Thursday, June 1, 2023

"Salty" Insight


A jar of salt! (I'm used to salt being sold in a cardboard box or cylinder.)

I've always been fascinated by ephemera – those humble, utilitarian objects designed to be temporary; fragments of ordinary life, that when moved from one culture to another, turn out to be not ordinary at all, and give some unexpected insights into the ways people in other parts of the world live.

That's perhaps one of the joys of cruising, of being able to deeply immerse yourself into a new place, staying for longer and being outside of the typical tourist hotel bubble. And though we're not actively cruising right now, we're still cruising-adjacent. 

Annapolis is a great place for meeting people who are starting – or ending – their cruising careers. We once had some dock neighbours who were ending, after exploring the Mediterranean, crossing the Atlantic to the Caribbean, then coming up the coast here to sell their boat. In their final scurry to empty the boat of their personal possessions before turning it over to the new owners, we ended up being the casual recipients of a very eclectic group of leftovers completely out of context – a colourful t-shirt, two wine glasses, a screwdriver, a jar of olive oil, a jar of salt.

This salt jar now lives on my kitchen counter. It's thoughtfully designed with a flat spot on one side so it can be used standing up in a cabinet, or leaning over next to the stove as a kind of “salt pig” to grab a pinch of salt while cooking.
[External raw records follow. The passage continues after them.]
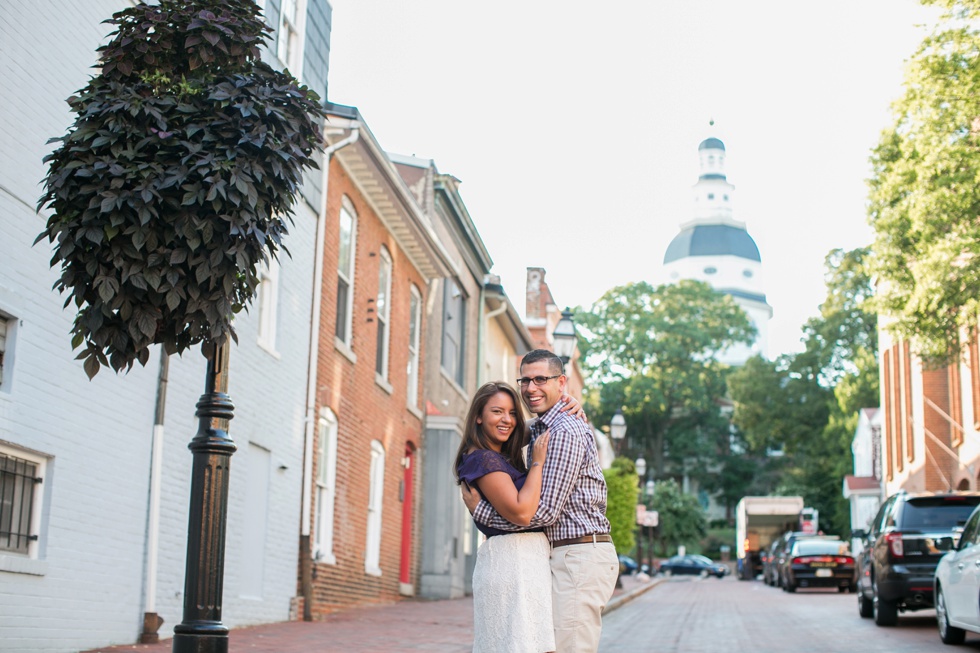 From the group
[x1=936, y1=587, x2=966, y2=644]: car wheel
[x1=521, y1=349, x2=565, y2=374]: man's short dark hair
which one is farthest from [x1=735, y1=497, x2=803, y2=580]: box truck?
[x1=521, y1=349, x2=565, y2=374]: man's short dark hair

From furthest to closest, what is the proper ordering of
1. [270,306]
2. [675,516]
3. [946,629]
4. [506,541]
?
[675,516]
[270,306]
[946,629]
[506,541]

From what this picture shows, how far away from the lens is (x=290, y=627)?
48.2 feet

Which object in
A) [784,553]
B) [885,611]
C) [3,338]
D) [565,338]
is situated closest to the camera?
[3,338]

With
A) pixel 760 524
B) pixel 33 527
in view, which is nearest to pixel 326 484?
pixel 33 527

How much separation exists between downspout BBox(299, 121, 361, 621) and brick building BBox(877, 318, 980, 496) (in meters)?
17.5

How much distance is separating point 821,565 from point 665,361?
48161 mm

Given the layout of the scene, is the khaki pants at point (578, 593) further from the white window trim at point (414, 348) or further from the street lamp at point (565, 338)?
the white window trim at point (414, 348)

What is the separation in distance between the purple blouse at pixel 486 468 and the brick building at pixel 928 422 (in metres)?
26.4

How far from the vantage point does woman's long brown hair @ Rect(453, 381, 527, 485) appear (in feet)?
16.7

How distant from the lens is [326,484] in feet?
58.4

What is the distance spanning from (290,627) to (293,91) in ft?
28.9

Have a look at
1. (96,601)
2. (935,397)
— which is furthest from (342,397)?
(935,397)

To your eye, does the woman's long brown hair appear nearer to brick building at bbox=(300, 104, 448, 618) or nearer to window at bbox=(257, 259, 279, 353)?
window at bbox=(257, 259, 279, 353)

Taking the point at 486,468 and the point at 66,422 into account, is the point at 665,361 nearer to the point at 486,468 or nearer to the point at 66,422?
the point at 66,422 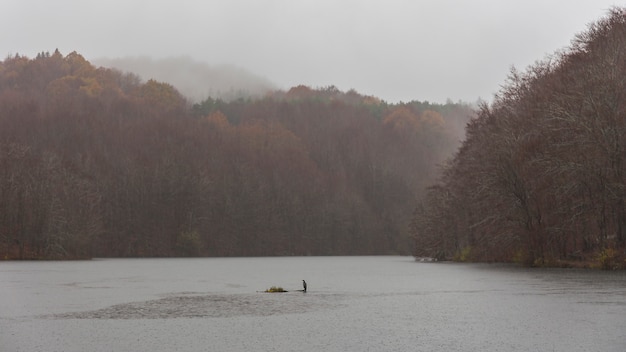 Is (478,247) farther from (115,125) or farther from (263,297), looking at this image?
(115,125)

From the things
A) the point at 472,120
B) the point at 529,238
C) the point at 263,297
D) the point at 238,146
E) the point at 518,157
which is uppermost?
the point at 238,146

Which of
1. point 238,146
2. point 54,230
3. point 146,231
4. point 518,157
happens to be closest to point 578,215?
point 518,157

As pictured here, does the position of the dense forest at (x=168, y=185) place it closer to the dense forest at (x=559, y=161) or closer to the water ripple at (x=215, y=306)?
the dense forest at (x=559, y=161)

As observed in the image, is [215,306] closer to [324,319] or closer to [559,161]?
[324,319]

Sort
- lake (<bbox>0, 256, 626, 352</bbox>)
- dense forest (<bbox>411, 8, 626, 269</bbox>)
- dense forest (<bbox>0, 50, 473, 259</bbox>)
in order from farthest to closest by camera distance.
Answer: dense forest (<bbox>0, 50, 473, 259</bbox>) < dense forest (<bbox>411, 8, 626, 269</bbox>) < lake (<bbox>0, 256, 626, 352</bbox>)

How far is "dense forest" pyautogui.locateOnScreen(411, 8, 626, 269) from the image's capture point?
55.6 meters

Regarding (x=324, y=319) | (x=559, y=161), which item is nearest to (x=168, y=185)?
(x=559, y=161)

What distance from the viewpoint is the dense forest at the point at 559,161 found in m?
55.6

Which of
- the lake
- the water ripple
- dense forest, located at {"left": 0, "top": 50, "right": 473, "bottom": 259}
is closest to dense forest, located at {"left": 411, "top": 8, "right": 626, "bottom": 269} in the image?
the lake

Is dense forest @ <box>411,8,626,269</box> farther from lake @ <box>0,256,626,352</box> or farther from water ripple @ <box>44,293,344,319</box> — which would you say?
water ripple @ <box>44,293,344,319</box>

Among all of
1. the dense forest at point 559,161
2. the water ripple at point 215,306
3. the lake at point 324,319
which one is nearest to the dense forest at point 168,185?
the dense forest at point 559,161

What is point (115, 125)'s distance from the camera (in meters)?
183

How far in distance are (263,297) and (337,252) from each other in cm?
13750

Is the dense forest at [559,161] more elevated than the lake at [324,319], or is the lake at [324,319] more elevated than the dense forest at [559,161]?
the dense forest at [559,161] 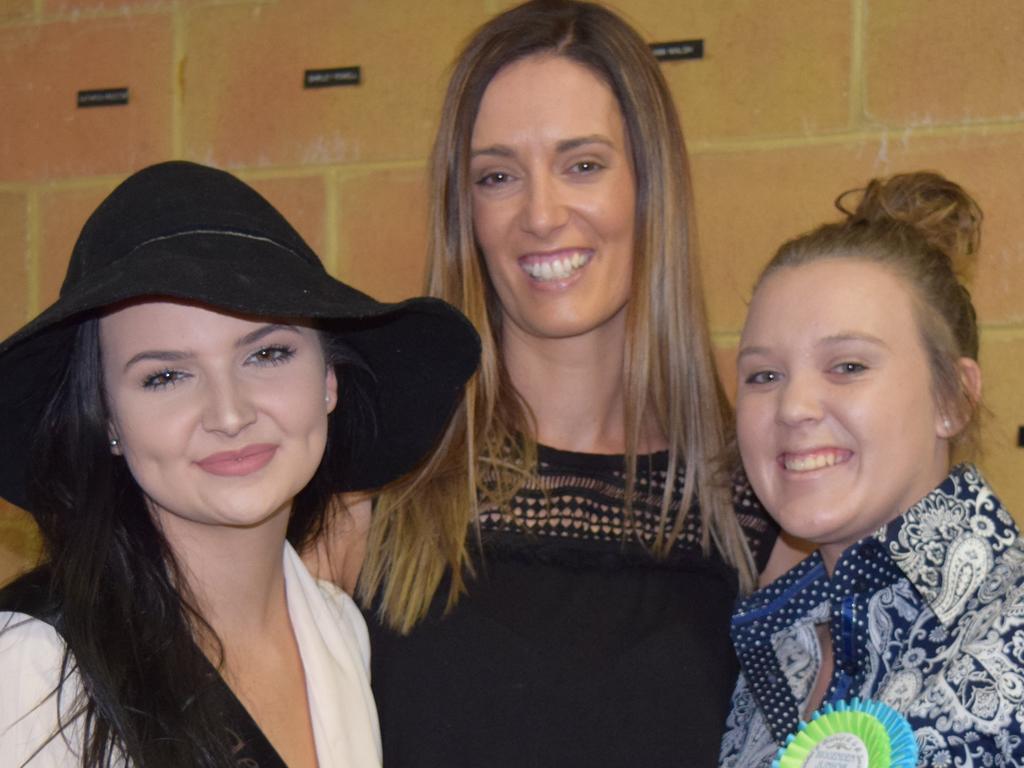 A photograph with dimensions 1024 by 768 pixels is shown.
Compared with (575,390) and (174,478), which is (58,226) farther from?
(174,478)

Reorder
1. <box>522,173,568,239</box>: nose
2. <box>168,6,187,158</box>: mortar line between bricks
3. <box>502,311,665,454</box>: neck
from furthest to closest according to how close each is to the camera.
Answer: <box>168,6,187,158</box>: mortar line between bricks < <box>502,311,665,454</box>: neck < <box>522,173,568,239</box>: nose

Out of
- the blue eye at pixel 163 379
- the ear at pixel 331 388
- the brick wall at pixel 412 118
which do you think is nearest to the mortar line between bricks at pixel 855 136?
the brick wall at pixel 412 118

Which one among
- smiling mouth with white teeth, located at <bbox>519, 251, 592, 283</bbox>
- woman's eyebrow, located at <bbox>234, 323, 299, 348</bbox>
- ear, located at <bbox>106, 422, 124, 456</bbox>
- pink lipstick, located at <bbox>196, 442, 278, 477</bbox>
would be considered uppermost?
smiling mouth with white teeth, located at <bbox>519, 251, 592, 283</bbox>

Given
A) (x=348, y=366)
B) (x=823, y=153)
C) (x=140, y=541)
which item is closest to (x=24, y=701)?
(x=140, y=541)

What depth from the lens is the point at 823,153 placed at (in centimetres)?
247

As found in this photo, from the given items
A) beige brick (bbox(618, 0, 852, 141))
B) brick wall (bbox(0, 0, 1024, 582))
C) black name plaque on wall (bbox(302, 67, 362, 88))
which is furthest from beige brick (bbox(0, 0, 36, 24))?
beige brick (bbox(618, 0, 852, 141))

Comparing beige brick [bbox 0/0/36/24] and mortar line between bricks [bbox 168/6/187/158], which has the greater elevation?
beige brick [bbox 0/0/36/24]

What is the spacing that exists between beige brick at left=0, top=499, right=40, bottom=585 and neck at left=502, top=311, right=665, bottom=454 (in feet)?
4.32

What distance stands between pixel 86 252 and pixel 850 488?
3.06 feet

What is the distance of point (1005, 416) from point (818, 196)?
50 centimetres

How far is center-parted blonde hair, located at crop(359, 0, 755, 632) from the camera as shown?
2014mm

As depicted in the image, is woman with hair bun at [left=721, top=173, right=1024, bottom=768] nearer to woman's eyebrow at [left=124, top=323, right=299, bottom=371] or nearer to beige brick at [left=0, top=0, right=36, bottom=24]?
woman's eyebrow at [left=124, top=323, right=299, bottom=371]

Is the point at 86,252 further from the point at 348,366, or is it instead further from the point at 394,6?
the point at 394,6

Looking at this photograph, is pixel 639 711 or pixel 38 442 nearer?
pixel 38 442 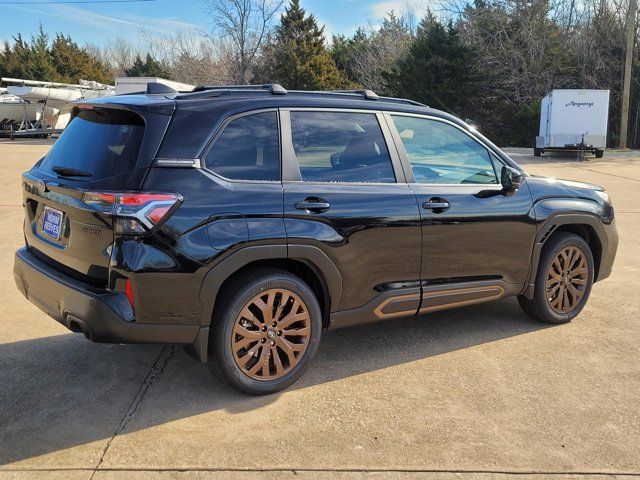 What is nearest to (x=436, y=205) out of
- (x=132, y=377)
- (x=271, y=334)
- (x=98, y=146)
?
(x=271, y=334)

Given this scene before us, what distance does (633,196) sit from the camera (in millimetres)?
12727

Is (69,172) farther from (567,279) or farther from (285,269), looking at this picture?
(567,279)

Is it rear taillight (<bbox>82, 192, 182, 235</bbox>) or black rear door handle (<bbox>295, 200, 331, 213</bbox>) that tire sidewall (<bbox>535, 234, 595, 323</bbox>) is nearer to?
A: black rear door handle (<bbox>295, 200, 331, 213</bbox>)

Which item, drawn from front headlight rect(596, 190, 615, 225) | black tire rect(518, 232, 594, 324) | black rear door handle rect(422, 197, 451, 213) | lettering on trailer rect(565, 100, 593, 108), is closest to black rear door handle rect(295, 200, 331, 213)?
black rear door handle rect(422, 197, 451, 213)

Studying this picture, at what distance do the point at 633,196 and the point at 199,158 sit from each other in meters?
12.0

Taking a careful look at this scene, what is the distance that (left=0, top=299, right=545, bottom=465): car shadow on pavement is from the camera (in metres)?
3.18

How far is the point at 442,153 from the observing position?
4.36m

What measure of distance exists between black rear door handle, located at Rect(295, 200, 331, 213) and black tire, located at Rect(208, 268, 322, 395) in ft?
1.33

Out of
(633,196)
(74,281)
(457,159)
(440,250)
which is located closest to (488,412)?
(440,250)

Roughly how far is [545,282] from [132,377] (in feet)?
10.4

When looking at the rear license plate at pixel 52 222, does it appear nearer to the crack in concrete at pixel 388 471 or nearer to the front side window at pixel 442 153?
the crack in concrete at pixel 388 471

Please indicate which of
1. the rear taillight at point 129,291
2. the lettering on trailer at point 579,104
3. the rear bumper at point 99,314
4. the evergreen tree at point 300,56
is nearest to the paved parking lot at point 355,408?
the rear bumper at point 99,314

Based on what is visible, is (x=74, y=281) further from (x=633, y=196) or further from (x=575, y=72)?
(x=575, y=72)

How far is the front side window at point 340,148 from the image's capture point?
3.68 meters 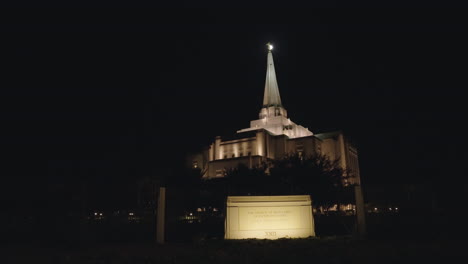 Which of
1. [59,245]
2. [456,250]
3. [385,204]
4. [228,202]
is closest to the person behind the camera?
[456,250]

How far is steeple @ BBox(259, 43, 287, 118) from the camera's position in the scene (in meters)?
77.0

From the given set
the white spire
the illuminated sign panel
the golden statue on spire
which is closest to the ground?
the illuminated sign panel

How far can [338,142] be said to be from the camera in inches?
2618

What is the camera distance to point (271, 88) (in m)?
81.0

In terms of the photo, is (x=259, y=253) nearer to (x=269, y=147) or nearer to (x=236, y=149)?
(x=269, y=147)

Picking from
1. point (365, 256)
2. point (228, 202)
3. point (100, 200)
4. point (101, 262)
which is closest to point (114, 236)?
point (228, 202)

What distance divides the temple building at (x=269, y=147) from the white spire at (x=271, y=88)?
291 cm

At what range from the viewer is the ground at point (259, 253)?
7309 millimetres

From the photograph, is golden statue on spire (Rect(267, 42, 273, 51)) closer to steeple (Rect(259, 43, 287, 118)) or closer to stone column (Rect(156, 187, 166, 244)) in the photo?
steeple (Rect(259, 43, 287, 118))

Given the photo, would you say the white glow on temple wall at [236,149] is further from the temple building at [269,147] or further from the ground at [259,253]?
the ground at [259,253]

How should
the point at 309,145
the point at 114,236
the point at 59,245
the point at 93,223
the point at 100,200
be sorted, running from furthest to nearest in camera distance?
the point at 309,145 → the point at 100,200 → the point at 93,223 → the point at 114,236 → the point at 59,245

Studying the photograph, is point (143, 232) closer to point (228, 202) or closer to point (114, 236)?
point (114, 236)

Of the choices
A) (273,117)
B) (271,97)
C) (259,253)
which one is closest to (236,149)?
(273,117)

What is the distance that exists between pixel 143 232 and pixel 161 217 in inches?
82.7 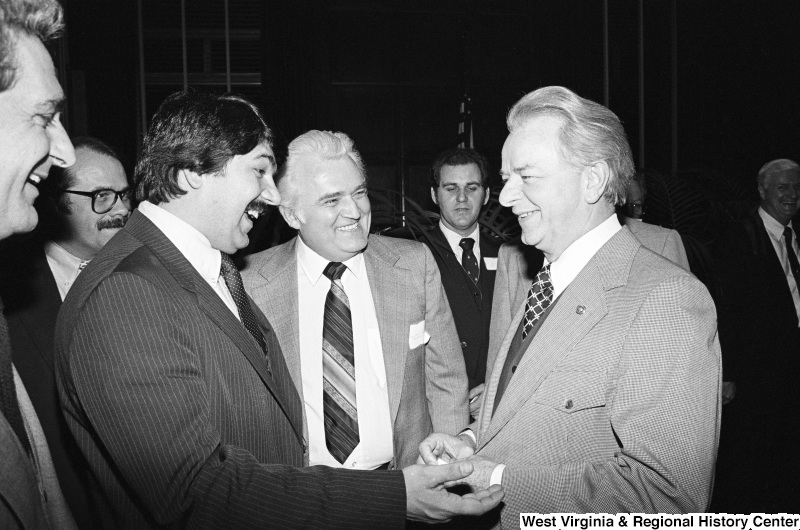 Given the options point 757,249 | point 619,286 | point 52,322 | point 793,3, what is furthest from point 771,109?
point 52,322

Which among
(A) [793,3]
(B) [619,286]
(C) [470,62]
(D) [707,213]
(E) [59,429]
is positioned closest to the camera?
(B) [619,286]

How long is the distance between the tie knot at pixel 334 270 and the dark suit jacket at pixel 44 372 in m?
0.92

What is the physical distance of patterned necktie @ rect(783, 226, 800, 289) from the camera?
4.51m

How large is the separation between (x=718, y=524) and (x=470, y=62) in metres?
6.31

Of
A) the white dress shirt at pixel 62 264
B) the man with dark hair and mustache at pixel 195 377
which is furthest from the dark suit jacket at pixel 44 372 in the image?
the man with dark hair and mustache at pixel 195 377

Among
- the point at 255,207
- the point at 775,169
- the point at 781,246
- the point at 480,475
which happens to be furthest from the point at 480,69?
the point at 480,475

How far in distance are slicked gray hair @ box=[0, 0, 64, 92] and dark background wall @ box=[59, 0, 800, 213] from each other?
5287mm

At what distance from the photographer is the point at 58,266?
94.3 inches

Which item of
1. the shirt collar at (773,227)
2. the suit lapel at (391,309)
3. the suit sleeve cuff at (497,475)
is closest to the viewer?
the suit sleeve cuff at (497,475)

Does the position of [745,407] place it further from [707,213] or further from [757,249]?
[707,213]

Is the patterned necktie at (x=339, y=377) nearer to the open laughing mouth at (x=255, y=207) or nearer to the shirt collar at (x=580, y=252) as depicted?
the open laughing mouth at (x=255, y=207)

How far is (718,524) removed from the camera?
1.53m

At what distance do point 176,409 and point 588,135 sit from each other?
50.2 inches

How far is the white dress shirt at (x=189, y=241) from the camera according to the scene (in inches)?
63.9
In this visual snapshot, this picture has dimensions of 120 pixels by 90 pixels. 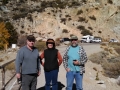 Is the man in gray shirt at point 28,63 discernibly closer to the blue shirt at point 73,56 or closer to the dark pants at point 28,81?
the dark pants at point 28,81

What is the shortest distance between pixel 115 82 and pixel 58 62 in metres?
8.34

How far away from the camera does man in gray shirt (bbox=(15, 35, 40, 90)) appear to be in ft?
19.8

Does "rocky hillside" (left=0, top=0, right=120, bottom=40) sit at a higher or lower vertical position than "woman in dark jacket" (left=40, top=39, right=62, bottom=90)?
higher

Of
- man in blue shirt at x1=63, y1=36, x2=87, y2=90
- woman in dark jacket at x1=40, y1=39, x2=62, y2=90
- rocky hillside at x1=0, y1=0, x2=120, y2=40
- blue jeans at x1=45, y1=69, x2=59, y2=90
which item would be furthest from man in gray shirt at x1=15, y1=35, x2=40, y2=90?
rocky hillside at x1=0, y1=0, x2=120, y2=40

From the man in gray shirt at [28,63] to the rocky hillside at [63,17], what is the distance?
164 ft

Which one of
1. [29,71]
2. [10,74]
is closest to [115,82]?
[10,74]

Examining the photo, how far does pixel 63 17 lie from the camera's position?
62.9m

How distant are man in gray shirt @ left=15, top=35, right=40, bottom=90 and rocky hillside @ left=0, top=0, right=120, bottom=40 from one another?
5014cm

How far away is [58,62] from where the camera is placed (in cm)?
694

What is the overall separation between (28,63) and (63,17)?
57.3 m

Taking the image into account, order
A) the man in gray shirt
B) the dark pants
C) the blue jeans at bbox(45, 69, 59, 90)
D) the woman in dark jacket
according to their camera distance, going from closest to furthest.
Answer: the man in gray shirt
the dark pants
the woman in dark jacket
the blue jeans at bbox(45, 69, 59, 90)

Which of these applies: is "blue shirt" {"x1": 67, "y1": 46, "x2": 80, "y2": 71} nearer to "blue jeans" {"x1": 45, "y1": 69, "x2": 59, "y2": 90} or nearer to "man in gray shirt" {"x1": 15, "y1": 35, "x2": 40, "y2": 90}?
"blue jeans" {"x1": 45, "y1": 69, "x2": 59, "y2": 90}

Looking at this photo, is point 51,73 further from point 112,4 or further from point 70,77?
point 112,4

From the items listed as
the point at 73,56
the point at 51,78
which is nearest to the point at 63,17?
the point at 73,56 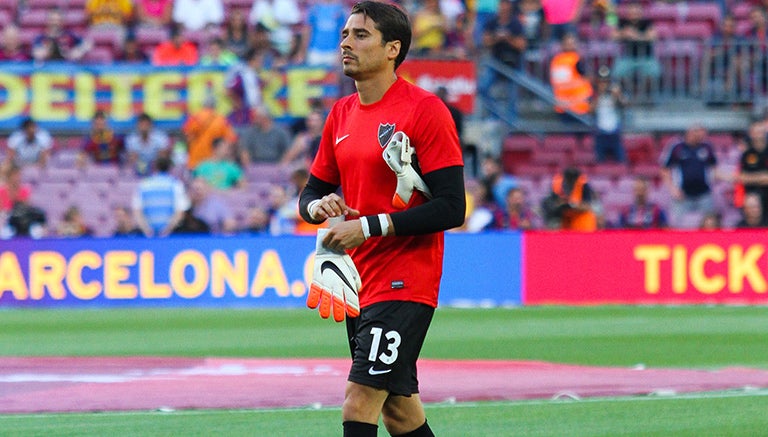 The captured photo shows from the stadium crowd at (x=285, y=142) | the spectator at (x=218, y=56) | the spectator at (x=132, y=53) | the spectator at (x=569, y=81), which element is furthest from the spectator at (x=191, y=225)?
the spectator at (x=569, y=81)

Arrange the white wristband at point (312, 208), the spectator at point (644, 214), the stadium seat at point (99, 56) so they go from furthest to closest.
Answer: the stadium seat at point (99, 56) → the spectator at point (644, 214) → the white wristband at point (312, 208)

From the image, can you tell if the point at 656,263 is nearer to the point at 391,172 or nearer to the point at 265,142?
the point at 265,142

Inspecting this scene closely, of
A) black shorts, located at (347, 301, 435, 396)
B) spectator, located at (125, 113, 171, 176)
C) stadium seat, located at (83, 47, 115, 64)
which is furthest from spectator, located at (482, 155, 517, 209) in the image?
black shorts, located at (347, 301, 435, 396)

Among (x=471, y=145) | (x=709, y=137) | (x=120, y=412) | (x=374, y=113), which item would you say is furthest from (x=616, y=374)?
(x=709, y=137)

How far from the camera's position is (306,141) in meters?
21.6

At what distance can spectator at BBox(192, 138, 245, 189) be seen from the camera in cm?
2088

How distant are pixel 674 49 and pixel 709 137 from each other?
151 cm

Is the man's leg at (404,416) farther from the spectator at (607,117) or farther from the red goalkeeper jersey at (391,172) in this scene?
the spectator at (607,117)

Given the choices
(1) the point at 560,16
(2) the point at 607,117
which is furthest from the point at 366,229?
(1) the point at 560,16

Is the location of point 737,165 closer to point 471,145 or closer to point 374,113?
point 471,145

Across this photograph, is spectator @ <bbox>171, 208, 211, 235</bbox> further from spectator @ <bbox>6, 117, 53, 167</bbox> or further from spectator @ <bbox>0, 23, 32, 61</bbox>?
spectator @ <bbox>0, 23, 32, 61</bbox>

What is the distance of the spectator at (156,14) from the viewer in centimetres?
2452

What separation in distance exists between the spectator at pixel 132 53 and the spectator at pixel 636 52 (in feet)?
25.0

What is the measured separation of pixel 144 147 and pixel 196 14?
3.42m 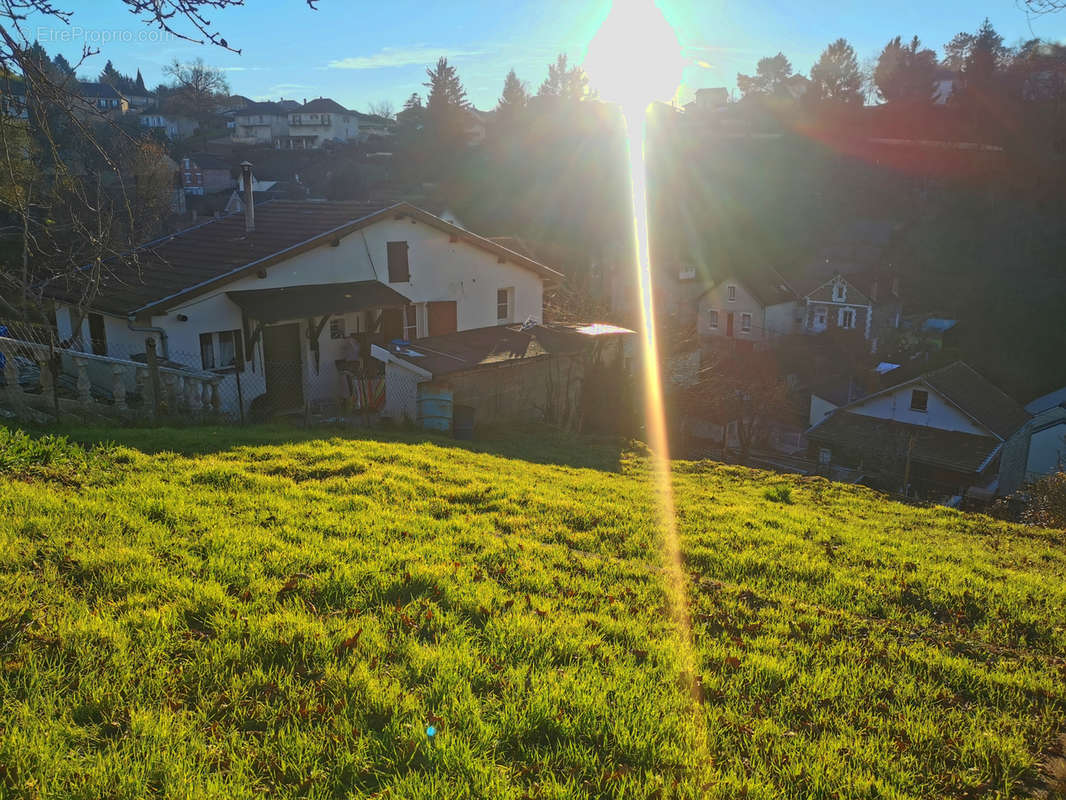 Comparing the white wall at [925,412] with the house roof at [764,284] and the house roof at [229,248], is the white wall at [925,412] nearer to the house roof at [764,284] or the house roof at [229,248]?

I used Google Translate to read the label, which informed me that it was crystal sea salt for grinding at the table. Only, I had a small typo the first time I keyed it into my phone. That is how I learned that in Turkish, the words for “grinding [salt] at the table” and “arguing at the table” differ by only a single letter. And now I have a mental image of a big table laden with exotically-spiced food, boisterous family gathered around for a dinner filled with laughter and good-natured “grinding” -- in both senses of the word. 

Seemingly unusual to American eyes, the jar can stand on its base or its side.

Looked at up close, the grains are a wide range of sizes, and show the square crystal shapes that hint at slow evaporation, perhaps in the old-fashioned way, in a shallow pond in the sunlight

(Note: this casual jar of salt crystals is especially poignant to someone who grew up in a very different style, someone whose parents' table just miiiiight have included individual crystal salt cellars with tiny glass spoons at each place setting.)